■ **WHAT TO WORK ON**:
Each line of the entries that mentions the string "Road" needs to be reported.

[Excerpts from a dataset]
# # #
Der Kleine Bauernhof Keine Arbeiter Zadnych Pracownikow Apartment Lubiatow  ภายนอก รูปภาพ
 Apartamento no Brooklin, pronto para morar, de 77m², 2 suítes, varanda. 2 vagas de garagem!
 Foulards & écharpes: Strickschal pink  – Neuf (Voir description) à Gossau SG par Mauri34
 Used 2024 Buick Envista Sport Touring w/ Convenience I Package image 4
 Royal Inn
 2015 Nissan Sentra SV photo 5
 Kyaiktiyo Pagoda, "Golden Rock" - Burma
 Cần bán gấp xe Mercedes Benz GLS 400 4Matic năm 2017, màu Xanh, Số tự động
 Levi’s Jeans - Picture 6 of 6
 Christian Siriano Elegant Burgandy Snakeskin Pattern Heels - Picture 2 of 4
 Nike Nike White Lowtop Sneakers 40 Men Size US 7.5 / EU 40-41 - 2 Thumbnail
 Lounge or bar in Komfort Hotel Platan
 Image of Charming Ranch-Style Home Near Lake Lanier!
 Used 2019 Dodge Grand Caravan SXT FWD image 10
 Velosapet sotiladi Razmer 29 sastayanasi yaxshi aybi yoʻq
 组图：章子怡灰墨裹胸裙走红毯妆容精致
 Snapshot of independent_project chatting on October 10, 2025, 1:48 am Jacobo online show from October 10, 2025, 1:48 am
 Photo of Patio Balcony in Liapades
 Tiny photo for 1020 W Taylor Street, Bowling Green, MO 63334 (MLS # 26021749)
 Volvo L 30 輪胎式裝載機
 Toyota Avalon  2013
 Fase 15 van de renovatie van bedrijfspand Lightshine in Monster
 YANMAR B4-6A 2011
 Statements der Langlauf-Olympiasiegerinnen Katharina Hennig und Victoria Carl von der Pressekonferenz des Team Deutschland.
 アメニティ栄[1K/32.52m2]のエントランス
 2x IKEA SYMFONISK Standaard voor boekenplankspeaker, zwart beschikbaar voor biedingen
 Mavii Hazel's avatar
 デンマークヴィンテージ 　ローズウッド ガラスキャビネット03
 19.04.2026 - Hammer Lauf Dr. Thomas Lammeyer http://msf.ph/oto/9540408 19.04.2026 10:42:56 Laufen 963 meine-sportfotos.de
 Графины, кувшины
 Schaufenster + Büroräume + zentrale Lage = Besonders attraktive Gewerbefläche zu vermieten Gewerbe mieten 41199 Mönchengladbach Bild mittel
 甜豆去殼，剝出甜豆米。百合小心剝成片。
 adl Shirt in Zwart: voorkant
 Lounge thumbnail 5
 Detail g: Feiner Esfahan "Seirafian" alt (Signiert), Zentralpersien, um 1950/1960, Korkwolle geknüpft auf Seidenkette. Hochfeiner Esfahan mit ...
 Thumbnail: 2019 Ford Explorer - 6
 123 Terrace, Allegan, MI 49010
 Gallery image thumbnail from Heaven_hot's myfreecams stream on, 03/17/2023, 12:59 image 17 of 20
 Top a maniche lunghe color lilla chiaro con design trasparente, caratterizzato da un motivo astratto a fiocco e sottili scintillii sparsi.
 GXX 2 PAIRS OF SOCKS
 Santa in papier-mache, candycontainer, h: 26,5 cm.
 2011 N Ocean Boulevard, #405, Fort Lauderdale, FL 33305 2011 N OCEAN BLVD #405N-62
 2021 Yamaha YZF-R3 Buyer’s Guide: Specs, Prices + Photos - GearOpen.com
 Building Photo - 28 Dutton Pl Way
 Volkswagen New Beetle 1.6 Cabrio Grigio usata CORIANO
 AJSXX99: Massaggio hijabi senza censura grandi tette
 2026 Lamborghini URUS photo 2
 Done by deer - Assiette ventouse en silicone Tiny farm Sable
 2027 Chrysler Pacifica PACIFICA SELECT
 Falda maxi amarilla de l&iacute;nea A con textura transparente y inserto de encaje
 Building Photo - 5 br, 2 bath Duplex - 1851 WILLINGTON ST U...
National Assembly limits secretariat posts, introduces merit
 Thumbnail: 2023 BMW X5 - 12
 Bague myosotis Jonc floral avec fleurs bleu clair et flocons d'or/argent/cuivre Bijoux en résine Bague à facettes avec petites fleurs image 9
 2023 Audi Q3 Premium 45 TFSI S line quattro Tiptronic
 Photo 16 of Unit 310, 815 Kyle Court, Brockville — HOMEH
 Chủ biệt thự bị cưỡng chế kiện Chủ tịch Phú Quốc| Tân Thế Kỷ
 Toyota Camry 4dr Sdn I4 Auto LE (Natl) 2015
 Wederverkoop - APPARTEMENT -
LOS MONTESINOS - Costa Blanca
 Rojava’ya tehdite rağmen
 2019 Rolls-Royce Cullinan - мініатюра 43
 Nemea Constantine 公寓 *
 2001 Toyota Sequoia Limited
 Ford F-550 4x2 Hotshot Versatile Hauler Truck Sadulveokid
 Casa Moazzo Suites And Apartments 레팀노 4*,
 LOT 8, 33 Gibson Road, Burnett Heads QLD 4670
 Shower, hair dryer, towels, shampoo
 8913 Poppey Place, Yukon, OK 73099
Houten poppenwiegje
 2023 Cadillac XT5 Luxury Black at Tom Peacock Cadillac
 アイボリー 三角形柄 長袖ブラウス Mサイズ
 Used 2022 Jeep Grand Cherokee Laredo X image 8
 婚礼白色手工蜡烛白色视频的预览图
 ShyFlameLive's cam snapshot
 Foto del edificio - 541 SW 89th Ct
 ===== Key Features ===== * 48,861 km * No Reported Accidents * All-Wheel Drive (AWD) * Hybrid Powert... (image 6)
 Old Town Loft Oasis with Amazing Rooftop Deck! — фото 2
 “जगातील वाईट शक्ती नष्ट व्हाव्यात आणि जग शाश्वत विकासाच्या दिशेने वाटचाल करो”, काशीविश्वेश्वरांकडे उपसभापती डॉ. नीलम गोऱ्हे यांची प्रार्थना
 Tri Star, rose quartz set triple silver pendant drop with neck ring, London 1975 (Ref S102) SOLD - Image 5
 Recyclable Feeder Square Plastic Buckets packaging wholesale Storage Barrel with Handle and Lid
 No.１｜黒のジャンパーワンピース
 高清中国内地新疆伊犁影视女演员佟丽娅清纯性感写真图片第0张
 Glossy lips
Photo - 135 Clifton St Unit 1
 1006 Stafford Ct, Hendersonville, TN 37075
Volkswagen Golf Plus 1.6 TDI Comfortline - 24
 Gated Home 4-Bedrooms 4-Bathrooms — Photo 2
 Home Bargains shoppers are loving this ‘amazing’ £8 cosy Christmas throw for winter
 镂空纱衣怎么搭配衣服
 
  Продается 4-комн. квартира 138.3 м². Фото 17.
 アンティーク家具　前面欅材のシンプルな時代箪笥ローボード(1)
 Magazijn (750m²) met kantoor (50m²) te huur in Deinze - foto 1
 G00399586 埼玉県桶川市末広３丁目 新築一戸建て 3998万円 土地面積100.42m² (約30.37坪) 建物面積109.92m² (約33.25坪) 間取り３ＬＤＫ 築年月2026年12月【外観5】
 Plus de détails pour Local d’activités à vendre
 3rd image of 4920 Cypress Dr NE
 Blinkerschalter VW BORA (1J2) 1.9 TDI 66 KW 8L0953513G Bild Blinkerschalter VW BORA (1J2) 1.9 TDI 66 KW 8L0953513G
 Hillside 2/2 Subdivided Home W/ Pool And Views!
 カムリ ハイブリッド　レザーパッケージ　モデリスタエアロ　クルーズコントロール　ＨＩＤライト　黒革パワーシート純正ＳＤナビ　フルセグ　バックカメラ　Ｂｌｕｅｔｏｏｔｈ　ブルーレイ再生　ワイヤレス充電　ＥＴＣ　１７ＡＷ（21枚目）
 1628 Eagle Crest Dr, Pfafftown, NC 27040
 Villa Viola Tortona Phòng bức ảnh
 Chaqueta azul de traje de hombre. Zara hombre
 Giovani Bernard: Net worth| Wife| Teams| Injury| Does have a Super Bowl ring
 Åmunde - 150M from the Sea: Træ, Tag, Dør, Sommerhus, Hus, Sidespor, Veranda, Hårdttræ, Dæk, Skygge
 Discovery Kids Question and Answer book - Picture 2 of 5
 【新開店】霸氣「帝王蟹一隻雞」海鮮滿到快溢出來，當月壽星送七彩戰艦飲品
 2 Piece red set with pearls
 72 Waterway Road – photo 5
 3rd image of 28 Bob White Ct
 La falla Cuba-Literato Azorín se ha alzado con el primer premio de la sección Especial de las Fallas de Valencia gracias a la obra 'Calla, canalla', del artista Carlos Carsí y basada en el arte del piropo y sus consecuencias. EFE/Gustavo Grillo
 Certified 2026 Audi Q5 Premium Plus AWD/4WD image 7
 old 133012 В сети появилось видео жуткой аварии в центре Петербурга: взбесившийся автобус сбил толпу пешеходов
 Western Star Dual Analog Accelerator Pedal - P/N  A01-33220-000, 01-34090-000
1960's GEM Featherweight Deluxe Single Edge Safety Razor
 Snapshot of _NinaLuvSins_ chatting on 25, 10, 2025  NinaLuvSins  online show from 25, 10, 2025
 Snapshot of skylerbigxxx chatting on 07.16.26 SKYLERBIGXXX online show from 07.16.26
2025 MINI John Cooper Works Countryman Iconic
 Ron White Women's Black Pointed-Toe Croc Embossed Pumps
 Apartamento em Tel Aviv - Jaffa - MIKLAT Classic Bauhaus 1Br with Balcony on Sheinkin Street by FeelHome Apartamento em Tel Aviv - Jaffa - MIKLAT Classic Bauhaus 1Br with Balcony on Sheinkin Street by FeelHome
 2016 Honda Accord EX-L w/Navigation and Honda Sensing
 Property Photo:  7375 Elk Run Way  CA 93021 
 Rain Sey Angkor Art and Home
# # #
■ **RESPONSE BOX**:
 LOT 8, 33 Gibson Road, Burnett Heads QLD 4670
 72 Waterway Road – photo 5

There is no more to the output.